Monday, April 1, 2013

"Between the Lines" by Henrietta McKervey (2012, 5 pages)


March 1 to April 14
Henrietta McKervey
Dublin

"‘But I don’t want a new reading companion.’ Surprised, he tells the truth, the words as honest and painful as love.  Who else could read the world to life the way she does? In her voice words become soft and round, burnished yellow and orange, straw spun like filigree into gold. Even the cruelest book – stories of blood-red, bruised blues and stormy purples – warms at the edges, an unspoken promise that the world outside it covers is not really so unloving".

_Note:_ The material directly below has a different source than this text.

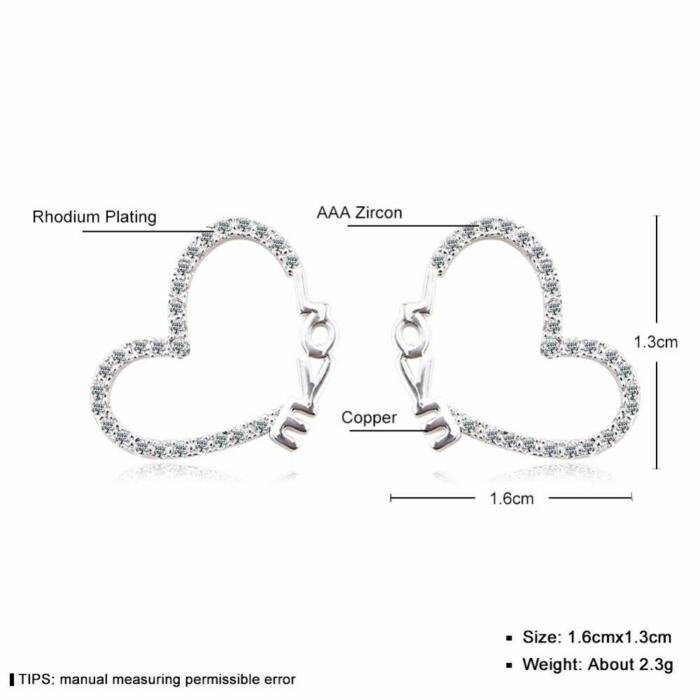 Heart Shape Love Pattern Jewelry- Zirconia Stud Earrings for Girls- Stylish Accessories for Women- Love Jewelry for Women- Jewelry for Women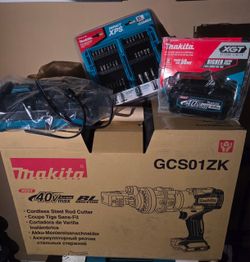 Makita 40V Rebar Cutter with Battery, charger, and drill bit set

"Between the Lines" is a very subtle deeply perceptive story about something no one in the reading life, or otherwise for that matter, wants to think about.  How do you keep reading, keep the stories flowing if you go blind and you are maybe too old to learn Braille?   Imagine how deeply alone, sad and isolated you would feel in an elder care facility  when all your life you loved reading, if you had little money and few friends you got by on your reading.  If you have enough money you could buy more books and read them in a nice house but that is still what you do.

The story covers just a very brief period, starting from the time the reader to the blind tells the man she is going back to her home country.  He is shocked, he never expected this, of course he only knows a little about the woman that reads to him.  He asks her why she wants to go home (we are not explicitly told where she is from but I think she is from the Caribbean area.)  She tells him she needs to get her stories back, she has not seen her children in two years.  
I have found people from the Caribbean in other stories I have read this ISSM, I think some how they mean something special to the Irish, maybe it is the accent, maybe the differences in climate, maybe it is the skin tones of  the people.  The author of the story has agreed to do a Q and A session for Irish Short Story Month Year III so perhaps I will ask her about that.

There is more to this wonderful story which I really liked a lot.  Sadly it is not yet published so I will refrain from talking about it to much.

Author Data


Once an advertising copywriter, I am now a student on the MFA in Creative Writing in UCD.  I've won a few short story prizes and am now writing my second novel. My first, 'What Becomes Of Us' was awarded a literature bursary from the Arts Council of Ireland for 2012.

I for sure will be reading more of Henrietta McKervey's work soon.  

She has kindly agreed to a participate in a Q & A Session for ISSM3 so perhaps she will tell us a bit about the MFA Creative Writing Program at University College Dublin.